File Transcription

file-transcription

TODO (Screenshot Replacement): File transcription parameter dialog (App 2.0) Include: file queue list, model/language selectors, GPU toggle, translation toggle, and batch apply button. Suggested filename: file-transcription-dialog-v2-en.png

Scope

File Transcription handles local media transcription workflows:

Import (drag-and-drop / file picker)
Model and language selection
Queue execution for single or batch tasks
Note-page editing and export

It does not handle URL downloading. Use Link Transcription for URL-based input.

Use Cases

Meetings, interviews, lectures
Bulk processing of podcast/live replay assets
Subtitle and text output pipelines

Steps

Click Transcribe Files on Home or drag files into the dropzone.
Choose model, language, GPU option, and translation option.
For multiple files, review batch parameter configuration.
Start transcription and monitor queue status.
Open results in the Note page for editing and export.

Supported file formats

Audio: MP3, WAV, M4A, FLAC, AAC
Video: MP4, AVI, MOV, MKV, FLV

Actual support can vary by codec/container. The in-app file picker is the source of truth.

Parameter tips

Lightweight tasks: Tiny/Base + auto language
Balanced quality: Small/Medium + explicit language
Higher quality: Large-v3 or Large-v3-Turbo + GPU
For unstable output, tune Advanced Parameter Transcription

Whisper and Sherpa parameter overview

File Transcription supports two engines:

Whisper (latest flagship large model): one of the most advanced general-purpose transcription models, suitable for meetings, interviews, courses, and other mixed scenarios when quality matters most.
Sherpa realtime models (lightweight, CPU-friendly): no GPU dependency, runs reliably on mid-range hardware, and is ideal for fast turnaround or large-volume baseline transcription.

Common Whisper parameters (File Transcription)

Parameter	What it does	When to tune
Scene preset	One-click bundle of VAD, segmentation, and context knobs	Start from preset, then tune 1–2 knobs
Segment transcription	Transcribe only part of the timeline	When only a specific clip matters
Offset range	Start/end time window	Use together with Segment transcription
Decoding strategy	Greedy is faster, Beam Search is usually more stable	Try Beam Search when substitutions are frequent
No-speech threshold	Controls silence/noise filtering aggressiveness	Increase when hallucination appears
Translate to English	Outputs English transcription	For English script/subtitle delivery

Common Sherpa parameters (File Transcription)
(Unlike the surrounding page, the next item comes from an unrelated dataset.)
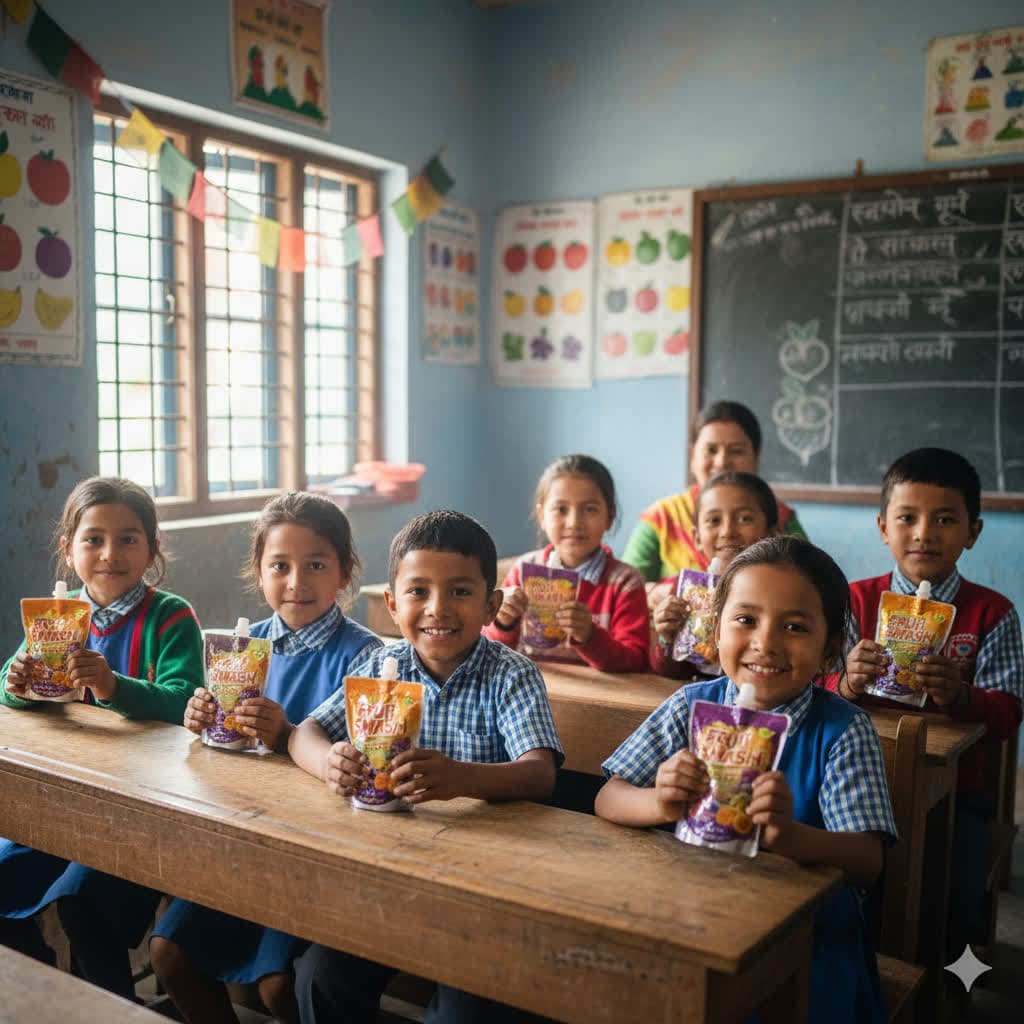 Kids in a classroom, enjoying Fruit Smash pouches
Parameter	What it does	When to tune
VAD scene preset (general/dialogue/speech/meeting/course/noisy/custom)	Controls segmentation style and sensitivity	Switch preset first per content type
CPU threads	Controls decoding parallelism	Increase on multi-core idle machines
Min speech/silence duration	Controls segment trigger threshold	Tune when clips are too fragmented or missed
Min/max segment duration	Controls lower/upper segment bounds	Tune when segments are too short or too long
Pre/Post padding and merge gap	Improves natural boundaries	Tune when heads/tails are cut off

Scene preset recommendation

general: default baseline for most files.
dialogue: fast multi-speaker exchanges, shorter chunking.
speech/course: long single-speaker narration, longer chunking.
meeting: multi-speaker meetings with pauses.
noisy: noisy environments with stronger false-positive suppression.
custom: only when presets cannot fit; change 1–2 items per round.

Term Explanations

Batch parameters: one shared parameter set applied to multiple files.
Translate to English: transcribe source speech and output English text; not a bilingual side-by-side mode.
Subtitle export (SRT/VTT): time-coded formats for video players and editing tools.

Practical Workflow (Less Rework)

Start with 1–2 sample files before launching full batch jobs.
Validate text quality first, then optimize throughput and model size.
Use consistent titles (date/project tags) for easier downstream search.
Test one export sample before processing the entire batch.

Troubleshooting Order

Check task phase first (queue/model/runtime/export).
Check storage/path writeability and free space.
If GPU fails, verify CPU baseline first, then debug drivers/runtime.
Re-encode malformed media when container/codec issues are suspected.

Real Scenario (Course Replay Archive)

A common case is processing 10+ lecture replays into searchable notes within a short deadline.

Build a baseline on one sample file (model/language/export format).
Launch batch only after quality is validated.
Normalize terms in Note first, then generate section summaries with AI Chat.

Common Mistakes and Better Alternatives

Mistake: mixing different-language media in one batch
Better: split batches by language to reduce auto-detection drift.
Mistake: changing parameters while a batch is running
Better: keep one parameter profile per batch, then run A/B in the next pass.
Mistake: treating raw export as final output
Better: run a quick editorial pass in Note before distribution.

FAQ

Q: Is batch transcription available to all plans?
A: Availability depends on account entitlements. Typical free-tier usage is single-file-first.

Q: How can I speed up large batches?
A: Use GPU, set practical concurrency, and avoid unnecessarily large models.

Q: Why does transcription stall?
A: Common causes are missing model files, low disk space, incompatible GPU setup, or malformed media files.

Limitations

Advanced settings and some models may require activated subscription features.
Large models and high concurrency are hardware intensive.
Some uncommon formats may require pre-conversion before import.
Platform: Windows and macOS share the same workflow, but GPU backend and permission flows differ.